• **Task brief**
Set out exactly every line of the entries below, starting at the line that holds "Three smiling men, including" and stopping after the line that holds "Image showing Chinese".

Stored data entries
-- -- --

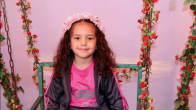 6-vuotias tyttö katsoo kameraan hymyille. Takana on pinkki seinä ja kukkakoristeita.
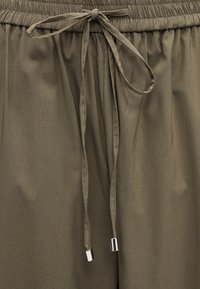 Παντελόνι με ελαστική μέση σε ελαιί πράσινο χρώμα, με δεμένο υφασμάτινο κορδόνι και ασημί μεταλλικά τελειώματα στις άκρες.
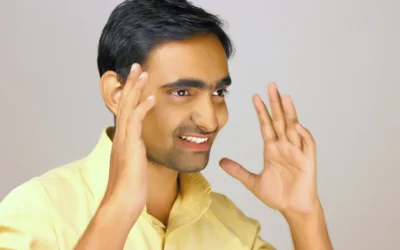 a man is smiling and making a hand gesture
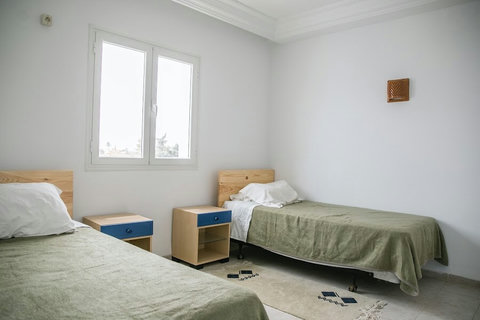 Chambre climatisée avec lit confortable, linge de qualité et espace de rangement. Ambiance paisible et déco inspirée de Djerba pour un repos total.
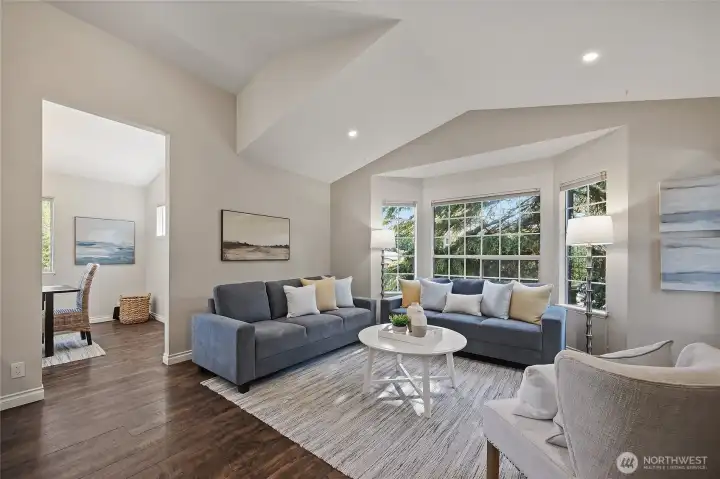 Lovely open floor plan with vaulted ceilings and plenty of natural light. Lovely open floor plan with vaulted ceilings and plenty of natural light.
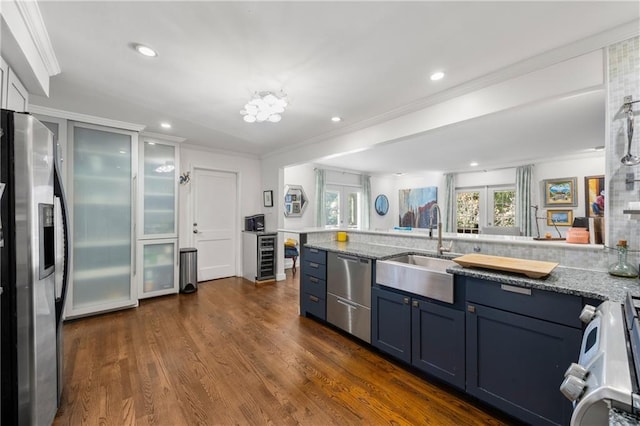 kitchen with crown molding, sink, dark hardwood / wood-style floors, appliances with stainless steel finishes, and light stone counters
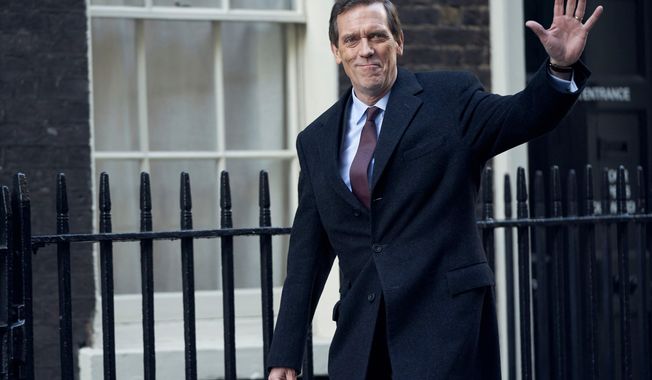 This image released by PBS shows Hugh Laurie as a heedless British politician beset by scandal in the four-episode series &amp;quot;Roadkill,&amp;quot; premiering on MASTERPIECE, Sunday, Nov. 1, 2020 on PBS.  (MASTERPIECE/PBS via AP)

-- -- --

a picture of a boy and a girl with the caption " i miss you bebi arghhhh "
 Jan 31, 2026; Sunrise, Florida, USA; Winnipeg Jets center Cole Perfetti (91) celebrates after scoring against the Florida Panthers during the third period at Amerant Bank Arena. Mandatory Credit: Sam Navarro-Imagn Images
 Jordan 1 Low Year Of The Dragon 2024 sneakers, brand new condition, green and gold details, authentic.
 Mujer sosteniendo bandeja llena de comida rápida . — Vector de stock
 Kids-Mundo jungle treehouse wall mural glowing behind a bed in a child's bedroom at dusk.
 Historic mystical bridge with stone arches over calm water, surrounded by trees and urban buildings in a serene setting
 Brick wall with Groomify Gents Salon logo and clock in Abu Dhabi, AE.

-- -- --

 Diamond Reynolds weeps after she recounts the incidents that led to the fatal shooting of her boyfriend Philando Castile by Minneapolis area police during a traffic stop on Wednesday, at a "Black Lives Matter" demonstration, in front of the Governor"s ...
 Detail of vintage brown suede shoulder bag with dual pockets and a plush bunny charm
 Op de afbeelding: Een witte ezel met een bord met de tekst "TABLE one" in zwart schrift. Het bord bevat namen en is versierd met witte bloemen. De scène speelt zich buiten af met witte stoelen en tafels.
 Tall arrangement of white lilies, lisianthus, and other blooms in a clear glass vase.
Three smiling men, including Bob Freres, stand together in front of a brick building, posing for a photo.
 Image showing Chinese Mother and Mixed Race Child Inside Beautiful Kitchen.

-- -- --

• **Reply**
Three smiling men, including Bob Freres, stand together in front of a brick building, posing for a photo.
 Image showing Chinese Mother and Mixed Race Child Inside Beautiful Kitchen.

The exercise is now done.